Download the portable bundle (netload-portable.zip) from this repo's Releases page, right-click → Extract All, then double-click netload.exe. Paste a link at the link> prompt and the file lands in the downloads\ folder next to the exe — nothing else to install. (Full steps are in the README.txt inside the bundle.)

2. From source — for developers (Windows, run from a terminal)

# Install Node.js 20+  (https://nodejs.org)  then, from the repo:
cd backend
npm install
npm run download-binaries                      # fetches yt-dlp.exe + ffmpeg/ffprobe
$env:PLAYWRIGHT_BROWSERS_PATH = "$PWD\playwright-browsers"
npx playwright install chromium                # browser engine for the fallback path
npm run build

# One-shot download, no server needed:
node dist/standalone.js "https://a-site/video"

# …or build your own portable netload.exe:
npm run package:exe                            # → backend/release/netload-portable/

You run it from a terminal (PowerShell, or the integrated terminal in VS Code — VS Code is just the editor; there is no special "run" button). The Express server / API mode described below is optional and meant for programmatic use.

How universal is it?

The core is site-agnostic; per-site lists are optimizations, not gates. An unknown site still works — it just falls through to the generic path. From most to least universal:

  1. Native yt-dlp — the primary path; ~1,800 sites supported out of the box.
  2. Generic fallback — for sites yt-dlp can't parse: Tier 1 HTML scrape → Tier 2 Playwright network interception, with candidates ranked by measured size/duration (not keywords).
  3. Segment stitching — for players with no manifest: intercept the decrypted m3u8 and reassemble the chunks with ffmpeg. This is a generic mechanism (it worked on a never-seen site with no site-specific code).
  4. Cloudflare recovery, per-site cookies, playlist expansion — all generic.

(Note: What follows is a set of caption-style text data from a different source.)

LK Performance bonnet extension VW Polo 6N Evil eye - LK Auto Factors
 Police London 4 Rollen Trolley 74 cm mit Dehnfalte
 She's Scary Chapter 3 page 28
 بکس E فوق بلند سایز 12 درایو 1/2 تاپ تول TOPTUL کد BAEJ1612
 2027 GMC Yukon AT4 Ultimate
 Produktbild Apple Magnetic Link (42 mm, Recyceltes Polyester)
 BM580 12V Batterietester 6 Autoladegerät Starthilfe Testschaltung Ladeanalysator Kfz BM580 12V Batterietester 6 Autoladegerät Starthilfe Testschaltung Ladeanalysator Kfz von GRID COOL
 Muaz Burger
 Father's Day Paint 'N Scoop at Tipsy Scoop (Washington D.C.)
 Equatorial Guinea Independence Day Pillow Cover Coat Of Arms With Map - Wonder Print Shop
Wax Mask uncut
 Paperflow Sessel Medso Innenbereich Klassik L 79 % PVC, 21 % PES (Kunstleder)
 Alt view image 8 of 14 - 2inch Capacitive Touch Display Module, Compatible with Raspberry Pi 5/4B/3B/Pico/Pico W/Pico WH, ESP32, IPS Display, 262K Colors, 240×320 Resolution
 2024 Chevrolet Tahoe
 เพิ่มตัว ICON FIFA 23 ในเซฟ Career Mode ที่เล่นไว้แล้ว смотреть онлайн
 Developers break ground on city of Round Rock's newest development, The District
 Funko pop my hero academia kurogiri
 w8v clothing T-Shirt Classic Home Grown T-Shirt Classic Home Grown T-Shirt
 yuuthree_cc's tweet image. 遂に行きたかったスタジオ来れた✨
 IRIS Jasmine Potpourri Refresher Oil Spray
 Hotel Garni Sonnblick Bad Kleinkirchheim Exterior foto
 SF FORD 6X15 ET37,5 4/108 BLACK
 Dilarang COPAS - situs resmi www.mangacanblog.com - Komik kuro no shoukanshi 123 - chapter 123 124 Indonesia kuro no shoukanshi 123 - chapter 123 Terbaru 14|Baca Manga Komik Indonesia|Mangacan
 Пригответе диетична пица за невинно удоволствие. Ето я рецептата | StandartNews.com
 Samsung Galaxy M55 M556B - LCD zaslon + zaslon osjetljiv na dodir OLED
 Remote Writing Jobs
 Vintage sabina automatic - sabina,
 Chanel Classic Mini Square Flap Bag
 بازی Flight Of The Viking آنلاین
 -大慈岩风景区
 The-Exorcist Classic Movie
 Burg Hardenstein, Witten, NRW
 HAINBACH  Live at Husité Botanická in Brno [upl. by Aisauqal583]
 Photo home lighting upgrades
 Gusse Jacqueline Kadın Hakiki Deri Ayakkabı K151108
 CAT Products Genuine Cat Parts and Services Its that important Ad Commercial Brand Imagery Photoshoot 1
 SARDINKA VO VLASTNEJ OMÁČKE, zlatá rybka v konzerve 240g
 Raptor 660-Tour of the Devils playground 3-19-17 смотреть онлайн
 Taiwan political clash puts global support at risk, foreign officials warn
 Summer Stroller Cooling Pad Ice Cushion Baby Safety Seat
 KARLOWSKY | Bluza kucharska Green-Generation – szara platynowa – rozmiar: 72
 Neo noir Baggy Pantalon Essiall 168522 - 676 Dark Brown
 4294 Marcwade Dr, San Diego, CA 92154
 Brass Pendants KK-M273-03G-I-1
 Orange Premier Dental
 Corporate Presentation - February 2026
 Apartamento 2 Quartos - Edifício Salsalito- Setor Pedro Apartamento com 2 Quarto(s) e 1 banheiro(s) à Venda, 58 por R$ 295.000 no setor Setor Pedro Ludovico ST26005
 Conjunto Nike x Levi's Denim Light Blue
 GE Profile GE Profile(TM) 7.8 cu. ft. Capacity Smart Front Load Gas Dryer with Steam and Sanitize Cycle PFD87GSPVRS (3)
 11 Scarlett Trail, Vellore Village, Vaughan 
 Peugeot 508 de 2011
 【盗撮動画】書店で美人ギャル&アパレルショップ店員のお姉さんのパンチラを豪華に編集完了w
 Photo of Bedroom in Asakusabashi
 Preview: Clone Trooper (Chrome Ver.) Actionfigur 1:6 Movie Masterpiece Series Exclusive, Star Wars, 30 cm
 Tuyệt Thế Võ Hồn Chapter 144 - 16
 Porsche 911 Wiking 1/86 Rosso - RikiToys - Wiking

The only site-tailored pieces are hints that make known sites work better, and they never block unknown sites: the provider hostname lists in src/providers/* (youtube/hanime/anime/ movie/adult, with GenericProvider as the catch-all), the per-provider header tweaks in src/utils/headers.ts, the embed-host list in fallbackExtractor.ts, and the ad/placeholder keyword penalties in scoreStream() (demoted to a tiebreaker behind the size/duration signal). The recent direction has been deliberately away from per-site heuristics toward universal ranking + interception.

Environment

  • Runs from the F: drive with project-local yt-dlp.exe, ffmpeg.exe, and ffprobe.exe (no global installs).
  • Configured via backend/.env.local (see src/config.ts for all keys + defaults).
  • Node.js 20+ (.nvmrc).

Setup

cd backend
npm install
npm run download-binaries   # fetches yt-dlp.exe + ffmpeg/ffprobe into the project
npx playwright install chromium   # (set PLAYWRIGHT_BROWSERS_PATH=backend\playwright-browsers first)

Running

cd backend
npm run dev      # ts-node-dev, http://127.0.0.1:4000
# or
npm run build && npm start

CLI

A thin client over the running API:

npm run build                       # produces dist/cli.js
node dist/cli.js <url> [options]     # or: netload <url>  (via the package bin)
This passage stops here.